Il y a beaucoup d’exemples de chanteurs, connus ou non, qui, ayant fait un beau début de carrière, ont quitté la scène après avoir « perdu leur voix » - pour une raison ou une autre. Le plus souvent, ils restent à la recherche toute leur vie de ce compagnon égaré. Même s’ils ont abandonné tout espoir de remonter sur les planches, voire même changé de vie, ils veulent comprendre, savoir pourquoi « ça » ne marche plus. Réparer. Sentir de nouveau, même un instant, cette chose vibrer et se faire véhicule. Transmettre, partager.

Quand on lui demandait ce qu’il fallait pour bien chanter Isolde, Kirsten Flagstad, cette grande wagnérienne qui a parcouru sa carrière d’une glorieuse voix d’airain, répondait invariablement : « Une bonne paire de chaussures ! » D’aucun veut y voir une boutade… Rien n’est moins sûr. Le pragmatisme norvégien s’exprimait là !
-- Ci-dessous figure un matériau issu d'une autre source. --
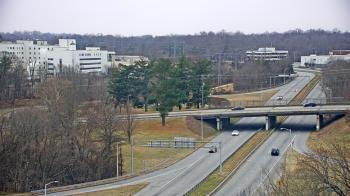 Weather camera view of The Proximity Hotel.
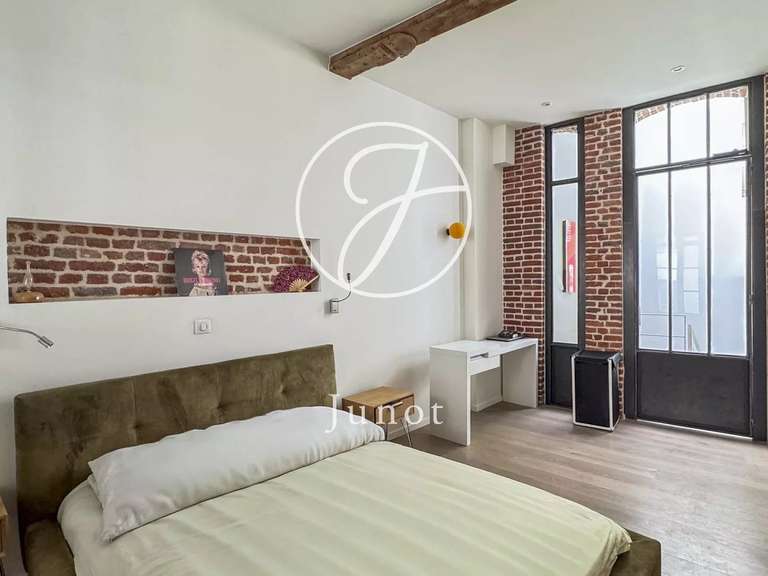 Maison Lille - 3 chambres - 123m²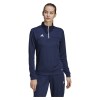 adidas Womens Entrada 22 1/4 Zip Training Top (W)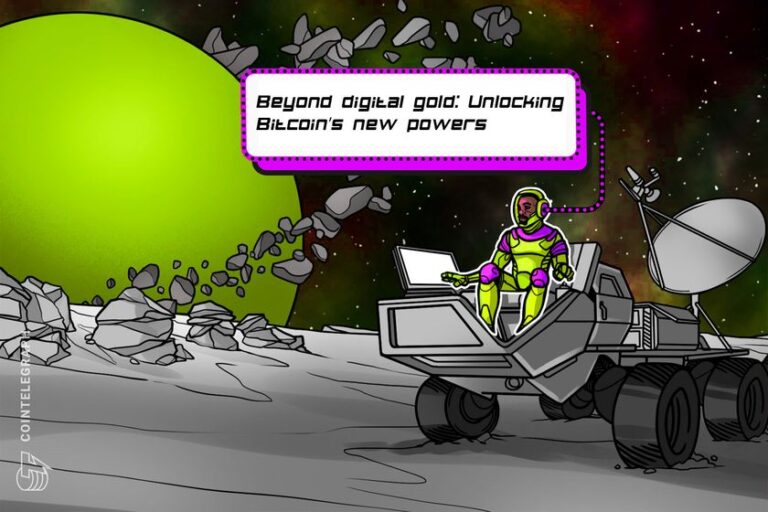 Beyond digital gold, Bitcoin’s next chapter is about to be unlocked — Dan Held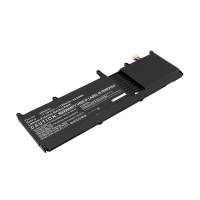 123accu vervangt HP MN06XL / M82230-005 / TPN-IB0M accu (11.58 V, 7100 mAh) AHP00845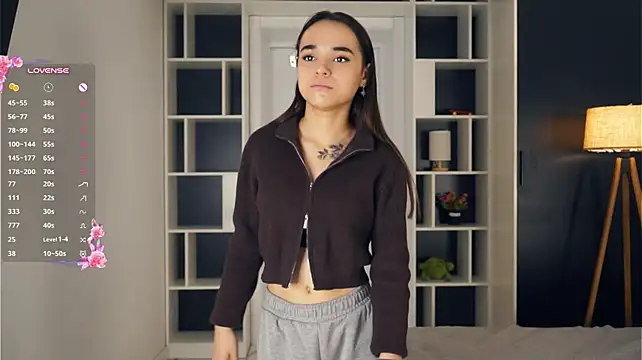 CourtneyBasbas - a gentle touch on my boobs+ahegao!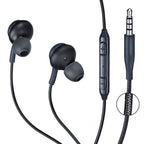 Headphone Earphone For Smart Phones  with Stereo In-Ear Headset Wire Earphones - SJB-DIAMOND ELITES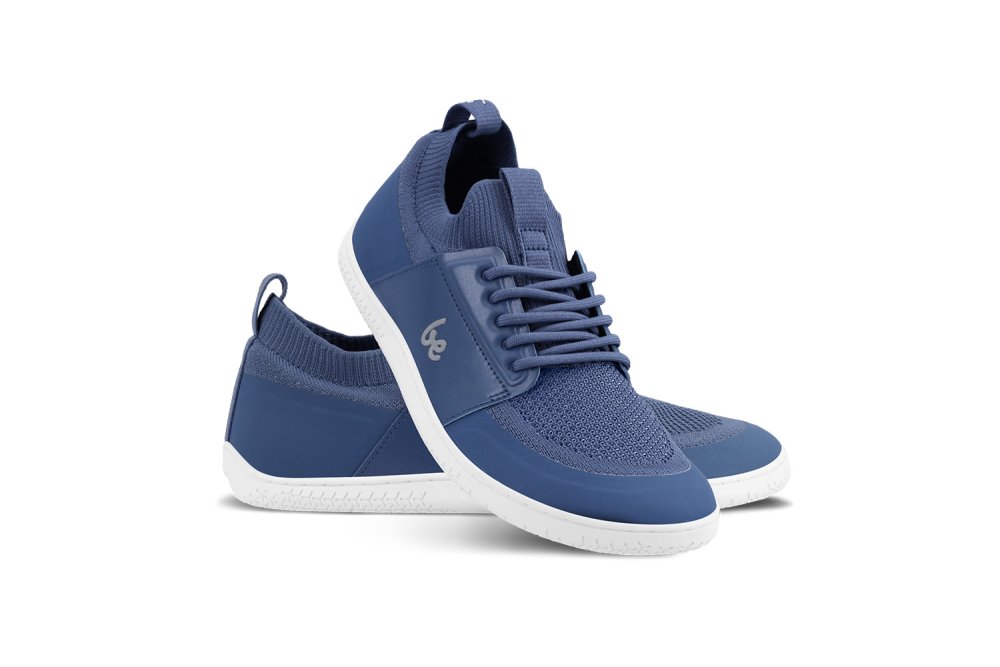 Barefoot Sneakers Be Lenka Swift - Dark Blue 44 Blue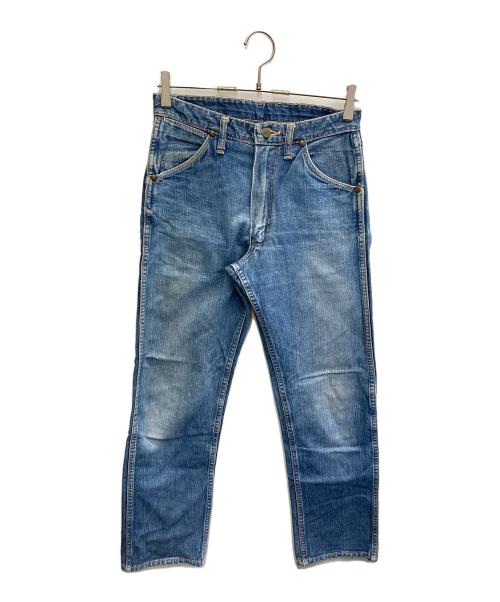 Wrangler（ラングラー）Wrangler (ラングラー) ヴィンテージデニムパンツ インディゴ サイズ:30/31の古着・服飾アイテム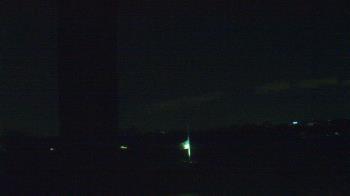 Weather camera view of Congressional Country Club.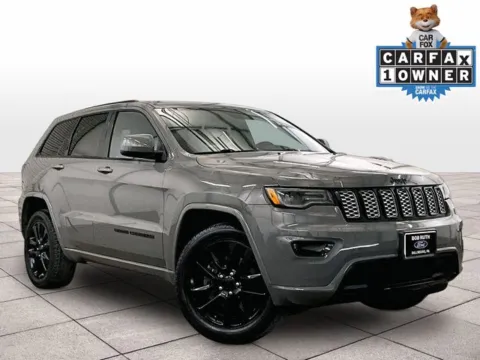 Photos of 2021 Jeep Grand Cherokee Laredo X for sale in Dillsburg, PA at Bob Ruth Ford Dillsburg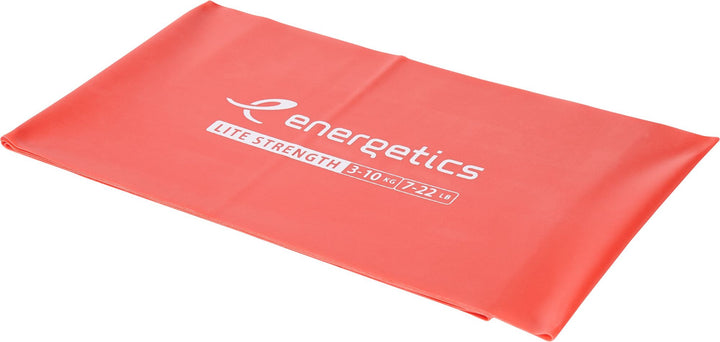 Energetics Gymnastik-Band Fit. Band 175Cm 1.0 - red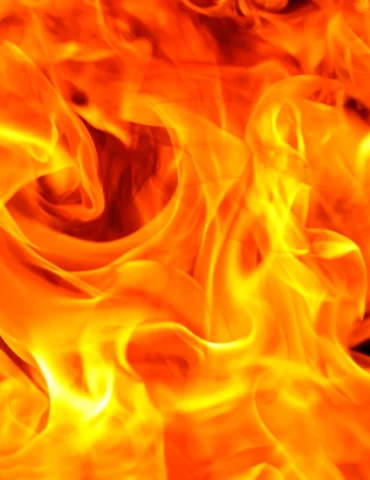 Believe before the fire comes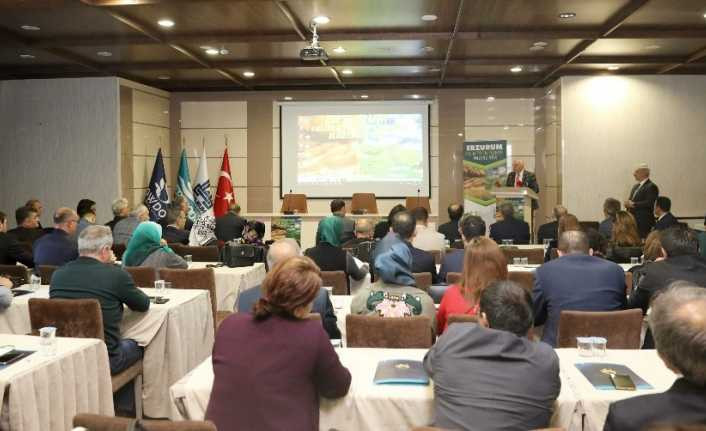 Erzurum’da İklim Eylem Planı Zirvesi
Pourtant, à la toute fin de sa vie, elle aurait dit : « Quel dommage !… à présent, je sais comment chanter Isolde. » Après avoir interprété ce rôle des dizaines et des dizaines de fois, après avoir cessé de chanter, elle avait continué de chercher à y modeler sa voix, même une fois tue… Extraordinaire et effrayante dévotion.

La vie d’un chanteur est peut-être en fait celle d’un chercheur…
Mais, grâce au ciel, je n’ai pas la voix d’Isolde.